PENASULTRA.ID, JAKARTA – Polri di bawah kepemimpinan Jenderal Listyo Sigit Prabowo kini lebih mengedepankan pola restorative justice atau jalan damai, kecuali yang memecah belah bangsa terkait penanganan kasus yang berkaitan dengan Undang-undang Informasi dan Transaksi Elektronik (UU ITE).
Melalui kebijakannya dalam Surat Edaran No.2/II/2021, Kapolri meminta penyidik dapat menentukan dengan tegas apakah sebuah laporan masuk dalam kategori kritik, masukan, hoaks, atau pencemaran nama baik.
Bila masih kategori pencemaran nama baik, fitnah, dan penghinaan, Kapolri meminta penyidik mengedepankan jalur damai.
Menanggapi surat edaran Kapolri tersebut, Senin 22 Februari 2021, Ketua Umum Serikat Media Siber Indonesia (SMSI), Firdaus menyebut bahwa kebijakan Kapolri tersebut merupakan langkah positif yang telah dibuat institusi Polri di tengah maraknya kasus pelanggaran UU ITE khususnya kepada media.
Namun demikian, Firdaus berpendapat, UU ITE sejatinya dilahirkan untuk mengatur tentang informasi dan transaksi elektronik.
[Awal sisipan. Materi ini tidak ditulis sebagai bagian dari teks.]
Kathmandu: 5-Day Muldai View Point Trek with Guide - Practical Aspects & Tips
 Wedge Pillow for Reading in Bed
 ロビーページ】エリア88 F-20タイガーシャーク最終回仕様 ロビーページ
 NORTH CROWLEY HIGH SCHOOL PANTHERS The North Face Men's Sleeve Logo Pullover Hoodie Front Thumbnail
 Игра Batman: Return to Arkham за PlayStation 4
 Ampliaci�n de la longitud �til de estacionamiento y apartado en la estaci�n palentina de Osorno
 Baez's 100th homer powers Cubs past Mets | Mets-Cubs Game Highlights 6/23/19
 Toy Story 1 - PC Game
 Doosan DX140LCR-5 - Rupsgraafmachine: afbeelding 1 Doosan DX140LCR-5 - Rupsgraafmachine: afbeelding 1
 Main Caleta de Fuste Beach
Untuk itu ia berharap UU ITE dikembalikan ke alur awalnya dan pasal 27, 28, 29, serta 45 dalam UU ITE, sebaiknya dihapus. Selanjutnya pasal-pasal dimaksud dikembalikan saja ke KUHP.
Presiden RI Joko Widodo sebenarnya sudah mewacanakan untuk merevisi UU ITE tersebut, karena di dalamnya terdapat pasal “karet” yang multitafsir dan memungkinkan disalahgunakan oleh penegak hukum atau orang yang berperkara.